Prejudice and ethnic tension have boiled over in Malaysia, resulting in the Malays slaughtering the other ethnic groups. Tranh barely escaped the mobs, having seen his family hacked to death by machetes and his successful business looted and burned. He has made his way to Bangkok and has been granted refugee status—a "yellow card". Most refugees are despised and are relegated to scrounging for the lowest day-laborer work.

Ma, a former employee whom Tranh had fired for stealing, had left Malaysia for Bangkok well before the massacres, and thanks to having been in place before the flood of refugees, was able to find well-paying work.

The story opens with Tranh waking up late and rushing to get to a company he has heard will be hiring new employees. On his way, he encounters Ma. Tranh notices that Ma is wearing Tranh's old Rolex watch, which Tranh had been forced to sell for a pittance in order to survive. Ma, seeing that Tranh has noticed the watch, mocks Tranh for having fallen so far, and taunts Tranh for having once told him that individuals "make our own luck", that success is solely a result of earning it and that luck plays no part.

Finally arriving at the factory, Tranh finds that the rumor of job openings is true, but there is already a line of hundreds of refugees waiting ahead of Tranh for the interviews. Tranh talks with some friends in line, discussing how all of them are highly educated and formerly successful men—physics professors, heads of corporate legal departments, or like Tranh the former head of a multinational trading company—and so are all far overqualified for the three jobs as low-level managers. The seething frustration of other yellow-cards is directed at Tranh for "cutting in line" even though it obviously does not matter, so he leaves. Needless to say, the jobs are filled by the first few interviewees, long before the remaining hundreds of refugees are interviewed.

That evening, Tranh sees Ma again at a restaurant, and Ma invites him to eat and to talk. Ma thanks Tranh for having fired him, since it saved his life by forcing him to leave Malaysia long before the massacres. Ma explains to Tranh that he bought the watch because he recognized it and wanted it as a memento mori—a reminder that if a successful major company like "Three Prosperities" could fall, so could he. Ma tells Tranh that thanks to his work, he has finally gained Thai citizenship and will no longer be a yellow-card refugee. Tranh begs Ma for any sort of job, but Ma tells him it is impossible, that line work at his factory is not open to crippled refugees when legal Thai workers are available, and that Tranh's business experience does not qualify him for the sorts of scientific research for which a work permit could be obtained.

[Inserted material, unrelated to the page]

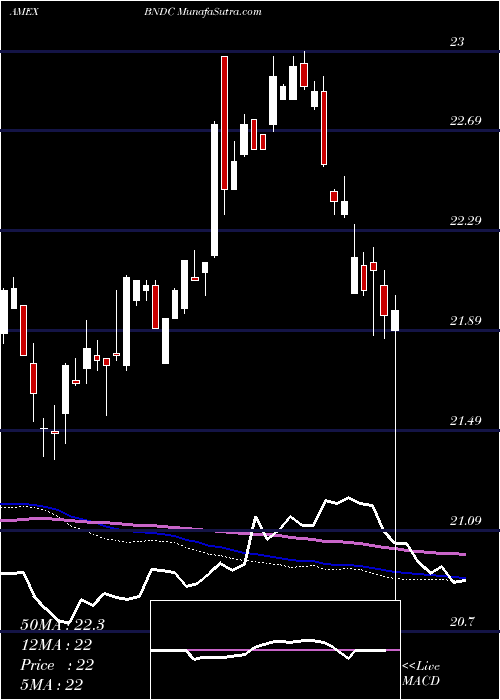  weekly chart FlexsharesCore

The next day, Tranh is injured while unloading a cart of potatoes, when a megodont - a genetically engineered elephant - goes on the rampage; his knee is destroyed, leaving him badly crippled. At that, he is fortunate, for one of his friends is killed by the animal. Tranh gets the supervisor to pay him double, both his own wages and the dead friend's, as compensation; he wastes the money on a last bottle of whiskey and hobbles off to await starvation and death.

However, while drunk and laying against a building late that night, Tranh sees Ma leave a brothel with his business manager, who departs in a pedicab. As Ma begins to walk home, Thai police accost him for being out after curfew, and when Ma attempts to explain that he is a Thai citizen, the police, hearing his Malay-Chinese accent, beat him and rob him for failing to grovel his respect.

Ma, badly beaten, begs Tranh to help him get home. Instead, Tranh murders Ma, smashing his whiskey bottle and slashing Ma's throat with the broken glass. He then robs Ma of his papers and money and takes a rickshaw to the factory where Ma worked. Although it is late at night, he knows there will be a job opening in the morning, and he wants to be the first in line to apply.

==Notes==
Bacigalupi changed the name of the character from "Tranh" in the short story to "Hock Seng" in the novel, stating that his conception of the character had changed.

In the Stephen King novel, 11/22/63, a character is called the Yellow Card Man; the character is later found having slashed his own throat with a broken whiskey bottle.